7. When is almond harvest season in each origin?
Australia harvests February–April; Spain and California shake trees August–October; Iran, Turkey and much of the Mediterranean pick in September. This staggered calendar spreads supply risk but also means weather scares hit the market year-round.
8. How can buyers hedge almond price volatility?
Diversify origin mix (e.g., add Spanish and Australian kernels), negotiate long-term contracts before tariffs start, monitor U.S. crop estimates (July Objective Report), and watch currency moves—particularly the USD/EUR—because a weaker dollar tempers price spikes in Europe.
9. What quality issues should importers watch in 2025?

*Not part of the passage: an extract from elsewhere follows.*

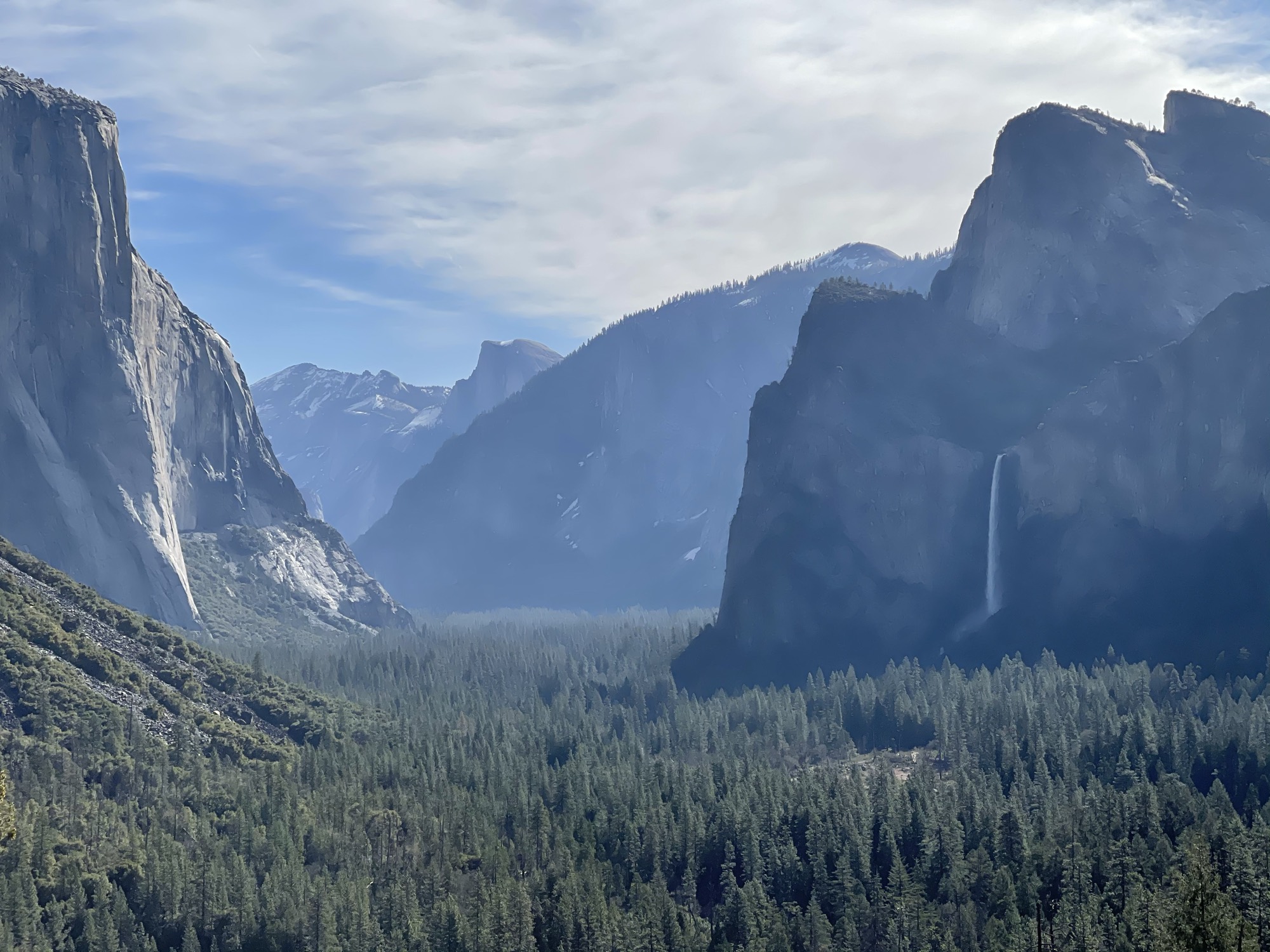 This landscape photograph captures a scenic view of Yosemite Valley, featuring prominent granite cliffs like El Capitan on the left and Bridalveil Fall cascading down a rock face on the right. A dense evergreen forest fills the valley floor below, stretching toward distant, hazy mountain peaks under a partly cloudy sky.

California’s abandoned orchards may raise navel orangeworm pressure; Australia reports low kernel moisture and weight after extreme heat; Spain’s rain-fed plots risk aflatoxin if late-season storms persist. Request up-to-date lab tests with each lot.
10. Could geopolitical events disrupt almond flows again?
Yes. Any reversal of the U.S.–China tariff pause, further India-Pakistan border tension affecting Afghan Mamra transit, or delayed EU-U.S. trade talks could jolt freight lanes and prices. Staying alert to policy headlines is as critical as tracking weather forecasts.